■ What this task involves ■
All of the listing should be returned as written, apart from any picture in it.

■ Dataset section ■
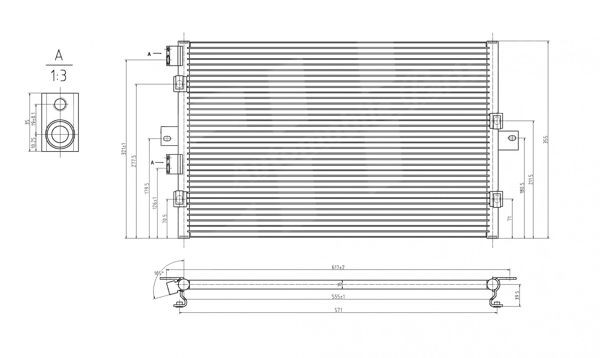 Kondensator, klimaanlegg HART 606 069 HART 606 069 Ac kondenser Chrysler PT CRUISER 2009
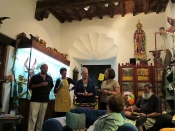 Thumbnail image of "Gathering the group at La Casa de Espiritus Alegres"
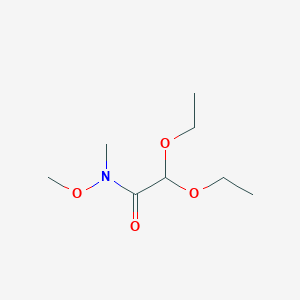 molecular formula C8H17NO4 B13117707 2,2-Diethoxy-N-methoxy-N-methylacetamide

■ Output below ■
 Kondensator, klimaanlegg HART 606 069 HART 606 069 Ac kondenser Chrysler PT CRUISER 2009
 Thumbnail image of "Gathering the group at La Casa de Espiritus Alegres"
 molecular formula C8H17NO4 B13117707 2,2-Diethoxy-N-methoxy-N-methylacetamide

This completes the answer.